The UK is permitting terminally ill patients to be listed on a register so that they are not resuscitated by paramedics in the event of a medical emergency. From the story:
Health Service paramedics have been told not to resuscitate terminally-ill patients who register on a controversial new database to say they want to die.
It has been set up by the ambulance service in London for hundreds of people who have only a few months to live so that they may register their ‘death wishes’ in advance. It is believed to be the first in the country, but other trusts around the country are expected to follow suit to comply with Government guidelines which state that patients’ wishes should be taken into account, even at the point of death.
Similar plans exist here in the USA, and I’m not opposed to them, assuming proper administration. The problem with the story is how it is framed. It isn’t a “death wish,” it is refusing unwanted medical treatment as part of an end of life plan of care.

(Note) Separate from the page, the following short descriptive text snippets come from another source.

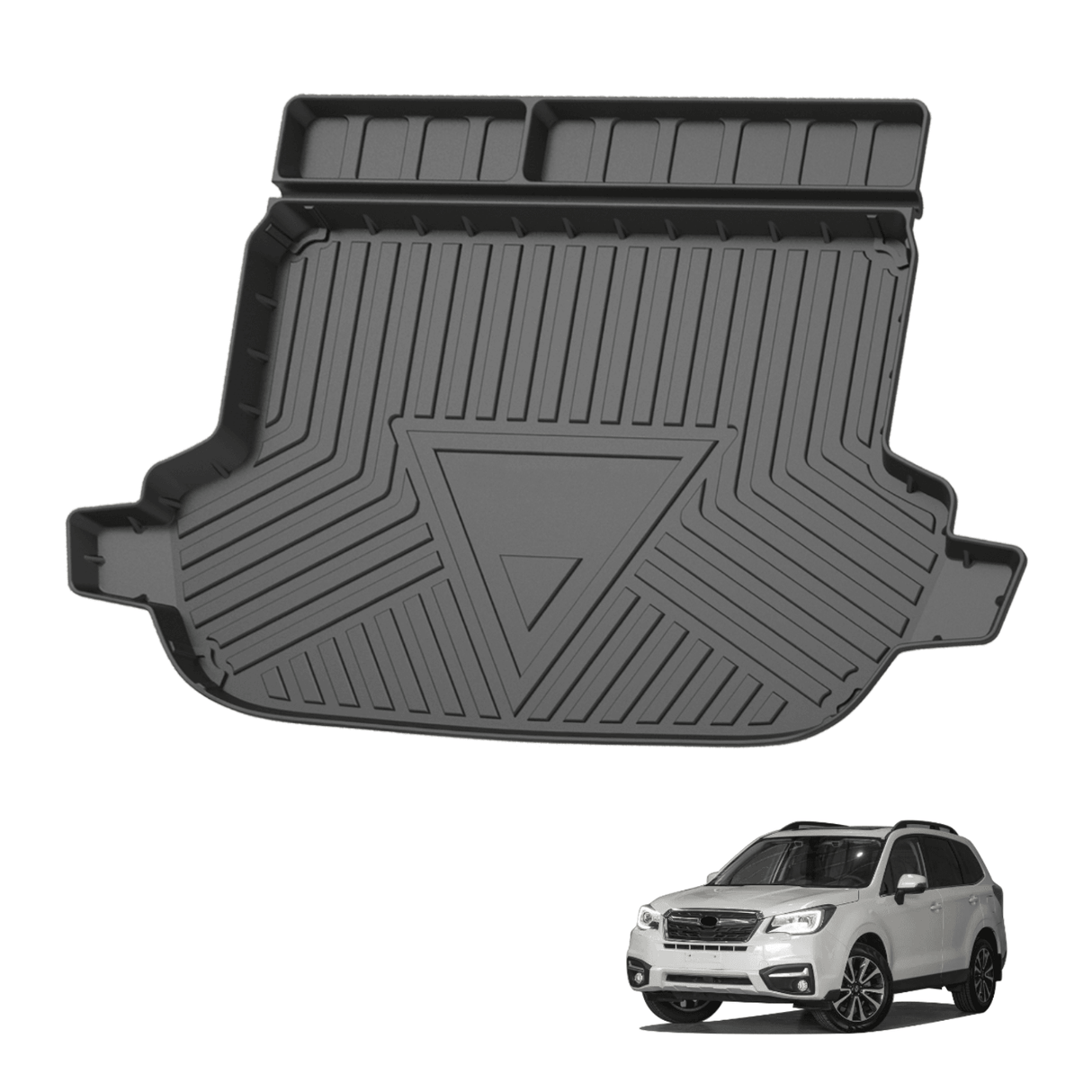 Boot Liner for Subaru Forester S4 2013-2018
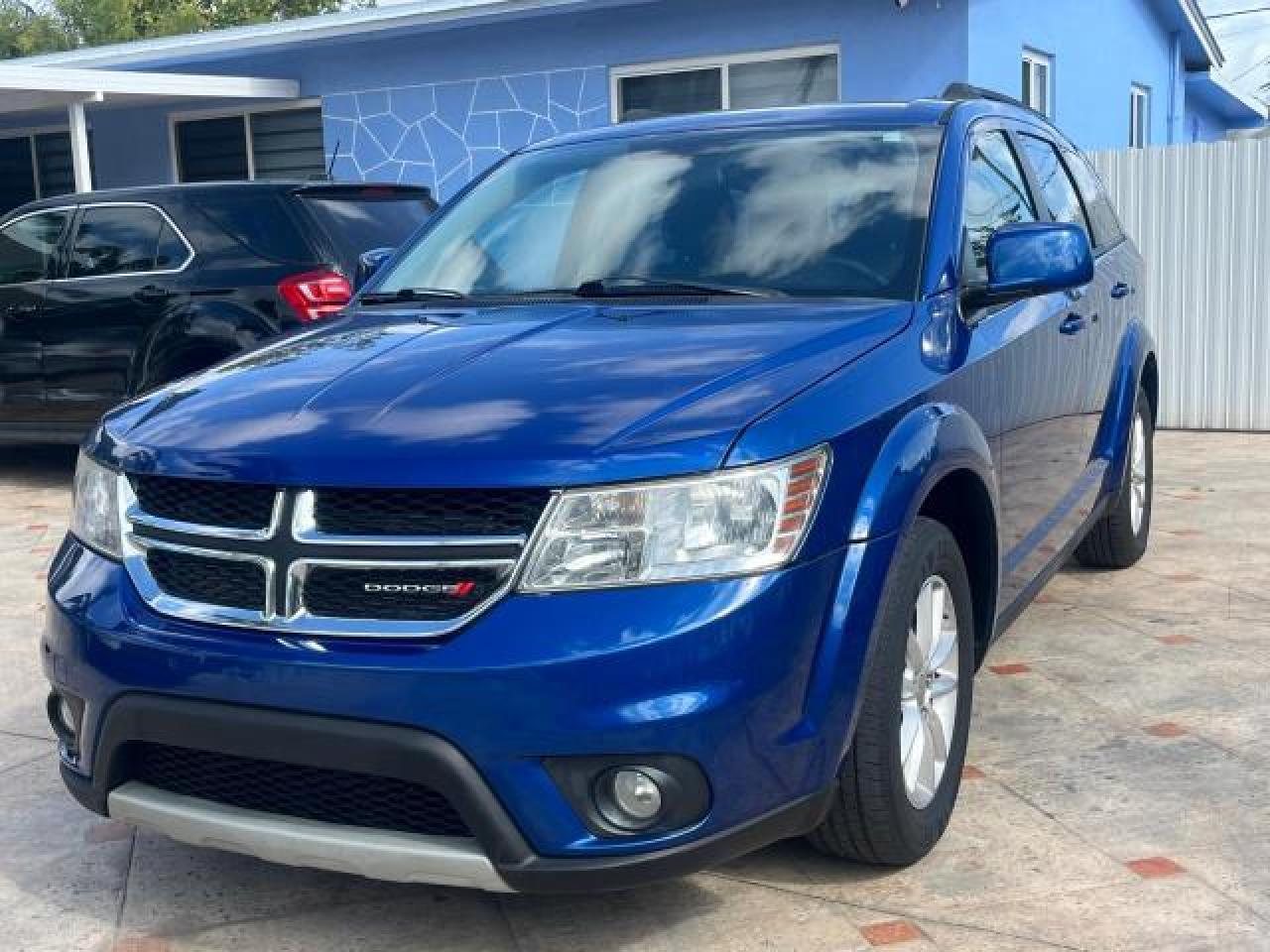 2015 Dodge Journey sx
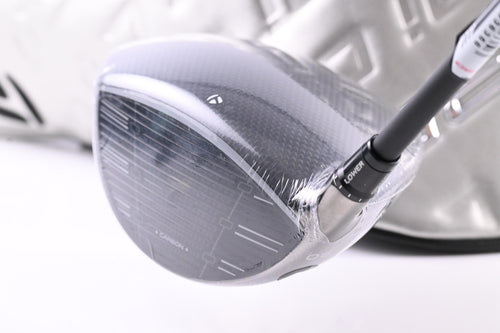 Taylormade Qi35 LS Driver / 9 Degree / Stiff Flex Kai'li White Dark Waves 60
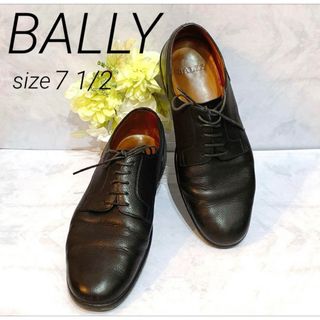 Bally - 【新品】フランス軍 サービスシューズ デッドストック BALLY製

When I was a hospice volunteer, I was explicitly trained to deal with such a situation (which never happened on my watch). If a patient went into a cardiac or other life-threatening event, I was explicitly told not to call 911, but rather, to phone the hospice nurse immediately so she could get there ASAP to ensure proper symptom management. In fact, we always had the hospice number with us just in case of such an event.
But sometimes people panic in the face of sudden medical events and call an ambulance when they shouldn’t. Refusing a paramedic CPR when the decision was taken in advance to sign a hospice or other DNR makes sense. But the actual DNR or a listing in a data bank also should be required. Otherwise, when an ambulance is called, the patient should be saved.
A pro lifer in the story worries that the the principle could be extended to the suicidal or people who are not terminally ill. That’s a different kettle of fish. But in this instance, setting up a data base to ensure that registered dying patients do not receive unwanted CPR is consistent with the hospice philosophy and proper end-of-life medical care.
Also, I’m not sure where the head line came from about letting “accident victims die.” I wonder if the headline writer actually read the story.